(Stored data entries)
=======
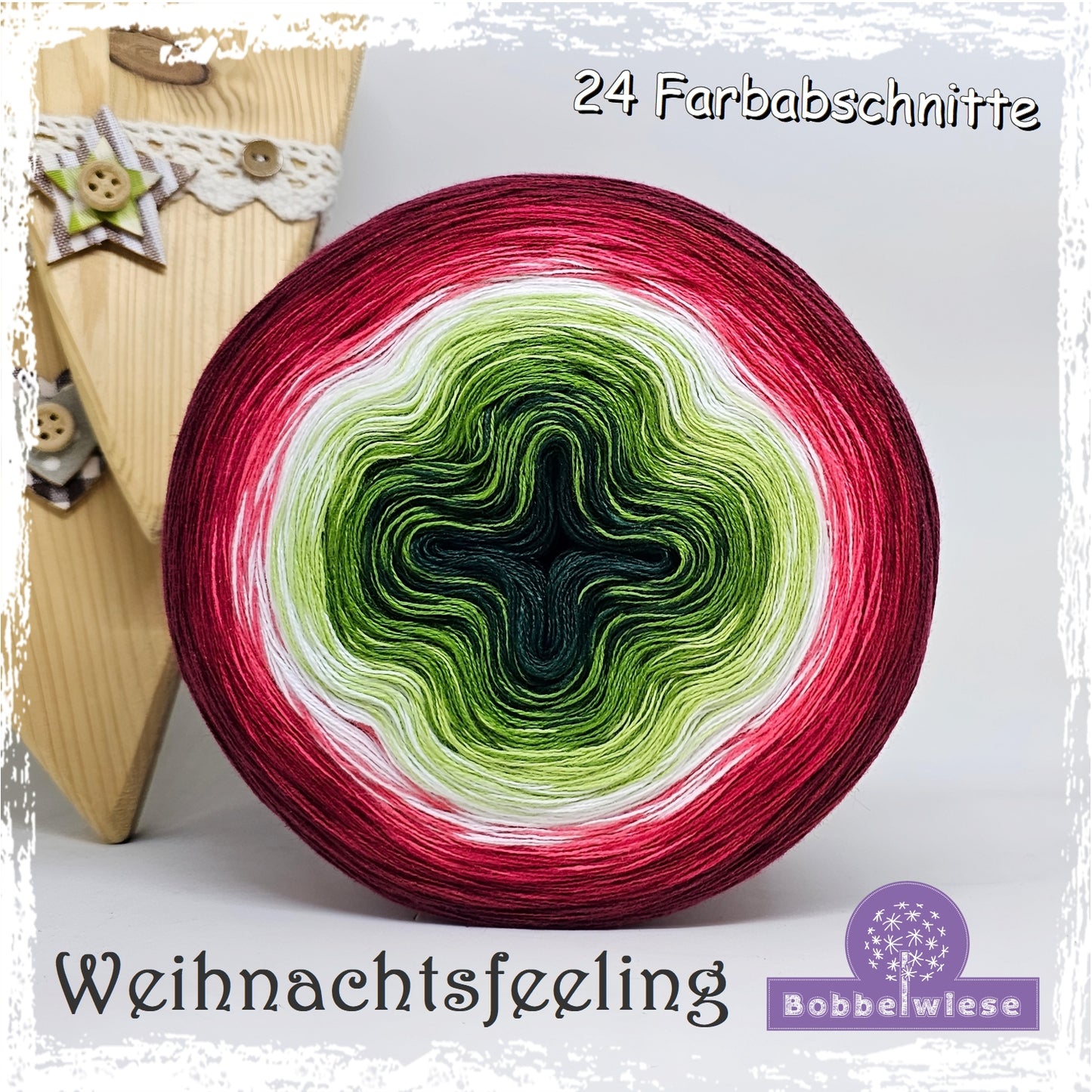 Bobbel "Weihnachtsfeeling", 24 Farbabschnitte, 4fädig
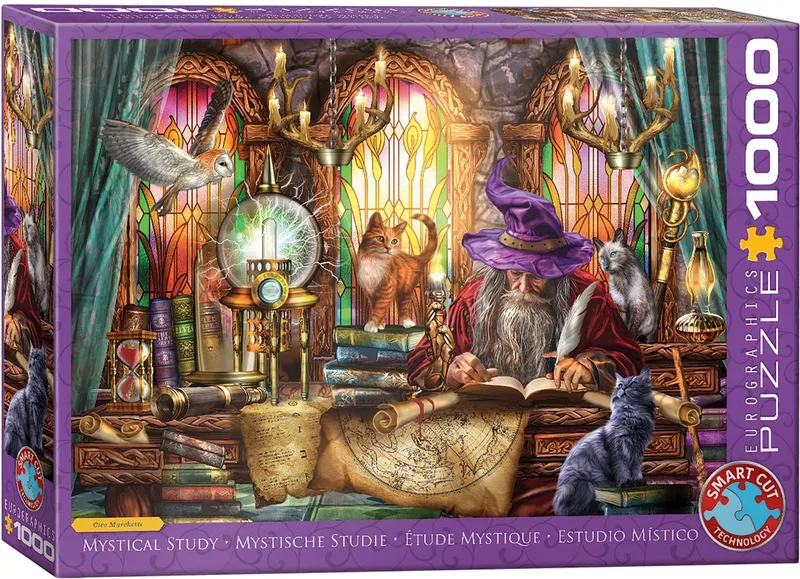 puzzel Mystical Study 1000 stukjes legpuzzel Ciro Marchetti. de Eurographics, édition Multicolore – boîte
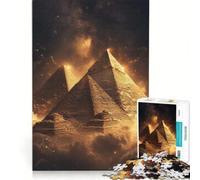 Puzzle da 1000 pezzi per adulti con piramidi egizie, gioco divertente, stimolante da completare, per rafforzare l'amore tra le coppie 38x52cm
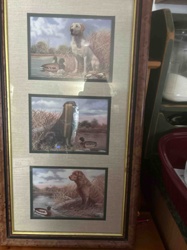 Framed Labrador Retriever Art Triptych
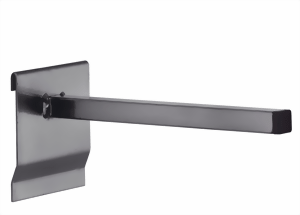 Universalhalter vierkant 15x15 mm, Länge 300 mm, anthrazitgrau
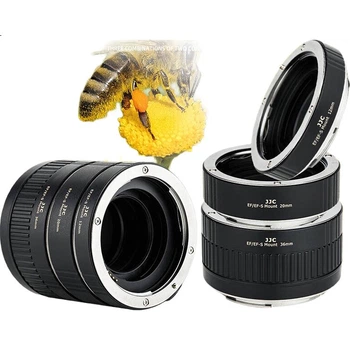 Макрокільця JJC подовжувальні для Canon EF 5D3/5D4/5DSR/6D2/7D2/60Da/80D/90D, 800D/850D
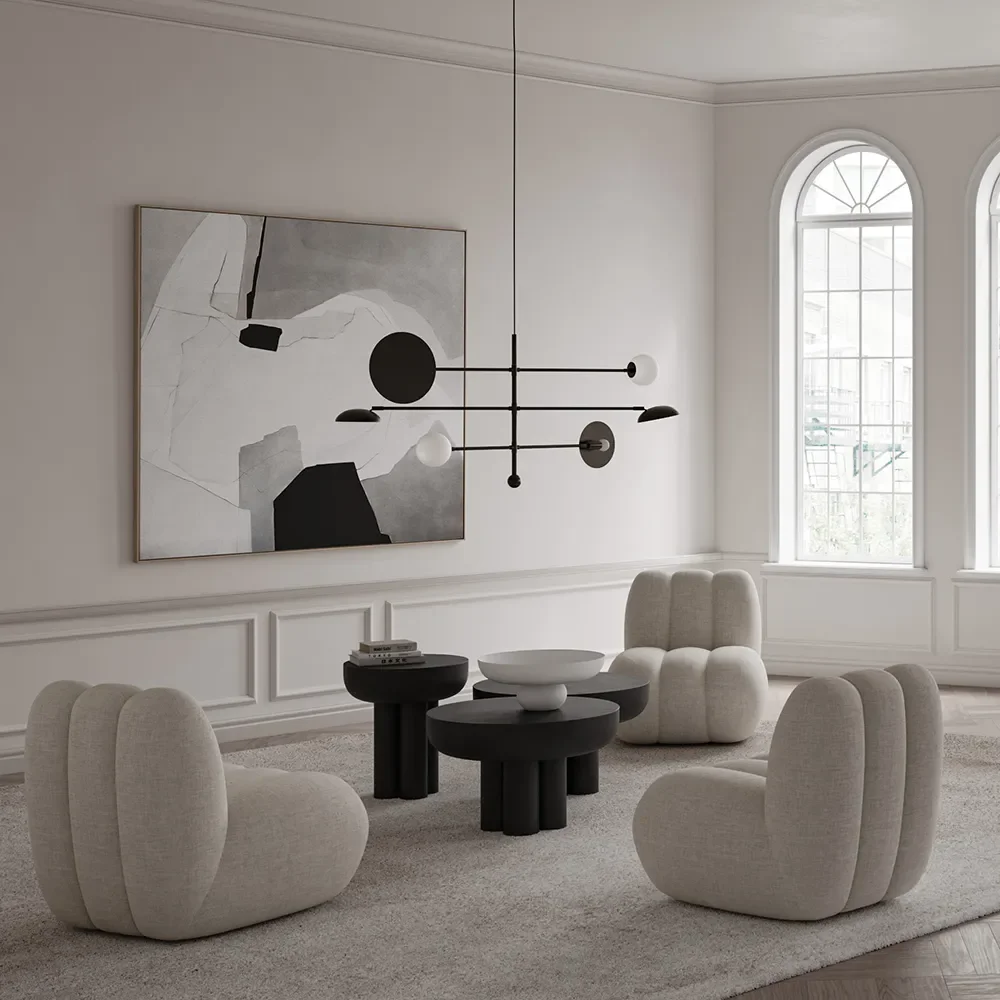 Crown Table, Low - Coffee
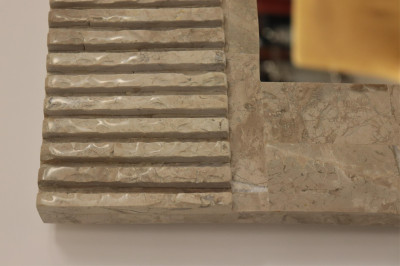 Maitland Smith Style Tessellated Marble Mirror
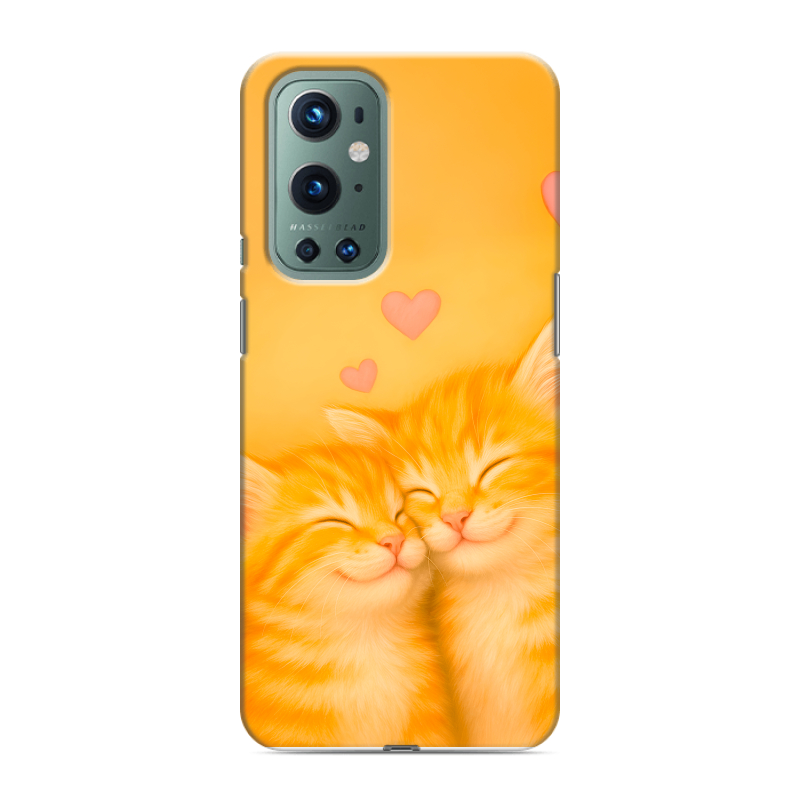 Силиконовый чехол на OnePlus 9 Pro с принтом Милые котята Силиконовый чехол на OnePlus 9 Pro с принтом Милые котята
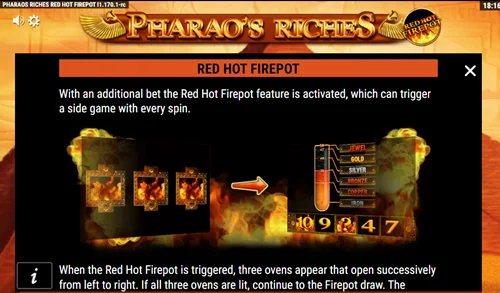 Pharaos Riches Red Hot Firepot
=======
**WHAT THE TASK REQUIRES**
The answer should consist of every line above, exact and free of images.

**ANSWER FOR THIS EXERCISE**
 Bobbel "Weihnachtsfeeling", 24 Farbabschnitte, 4fädig
 puzzel Mystical Study 1000 stukjes legpuzzel Ciro Marchetti. de Eurographics, édition Multicolore – boîte
 Puzzle da 1000 pezzi per adulti con piramidi egizie, gioco divertente, stimolante da completare, per rafforzare l'amore tra le coppie 38x52cm
 Framed Labrador Retriever Art Triptych
 Universalhalter vierkant 15x15 mm, Länge 300 mm, anthrazitgrau
 Макрокільця JJC подовжувальні для Canon EF 5D3/5D4/5DSR/6D2/7D2/60Da/80D/90D, 800D/850D
 Crown Table, Low - Coffee
 Maitland Smith Style Tessellated Marble Mirror
 Силиконовый чехол на OnePlus 9 Pro с принтом Милые котята Силиконовый чехол на OnePlus 9 Pro с принтом Милые котята
 Pharaos Riches Red Hot Firepot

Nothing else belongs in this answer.